▸ **What is needed**
This calls for a verbatim copy of all the data, with no images carried over.

▸ **Dataset content**
_ _ _ _ _ _ _

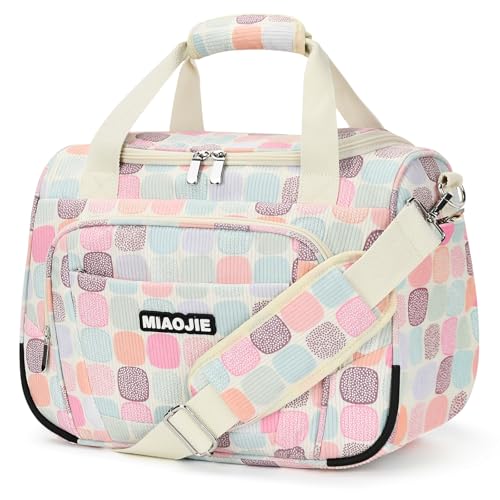 Underseat Carry On Luggage Lightweight Travel Tote Weekender Bag Overnight Duffle Bag for Travel, Travel Essentials Personal Item Travel Bag for Women, Corduroy Colorful Plaid-16Inch - color: Corduroy Colorful Plaid, size: 16IN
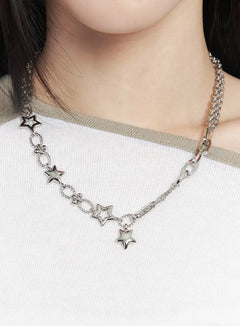 star-chain-link-necklace-ij528 / Silver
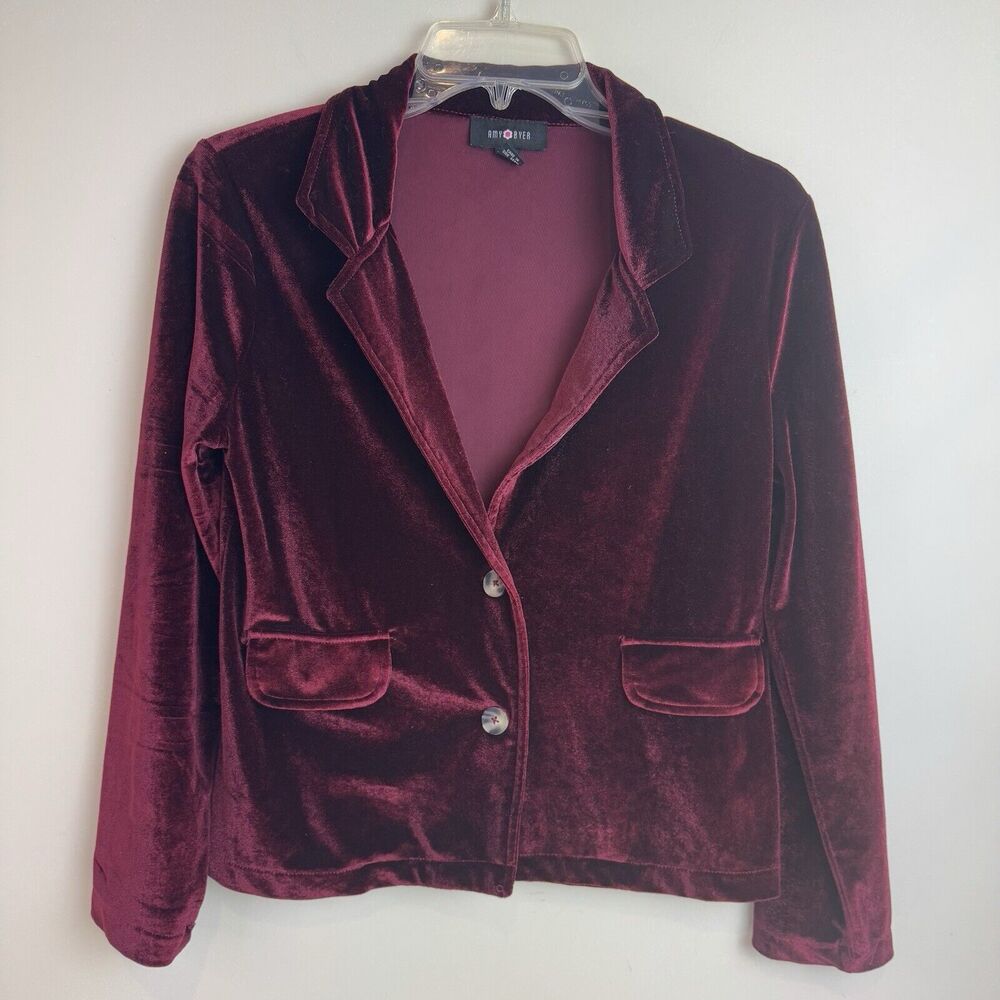 A. Byer Velvet Blazer Deep Red Button Fitted Vintage Dark Romantic Whimsigoth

_ _ _ _ _ _ _

▸ **Answer to this task**
 Underseat Carry On Luggage Lightweight Travel Tote Weekender Bag Overnight Duffle Bag for Travel, Travel Essentials Personal Item Travel Bag for Women, Corduroy Colorful Plaid-16Inch - color: Corduroy Colorful Plaid, size: 16IN
 star-chain-link-necklace-ij528 / Silver
 A. Byer Velvet Blazer Deep Red Button Fitted Vintage Dark Romantic Whimsigoth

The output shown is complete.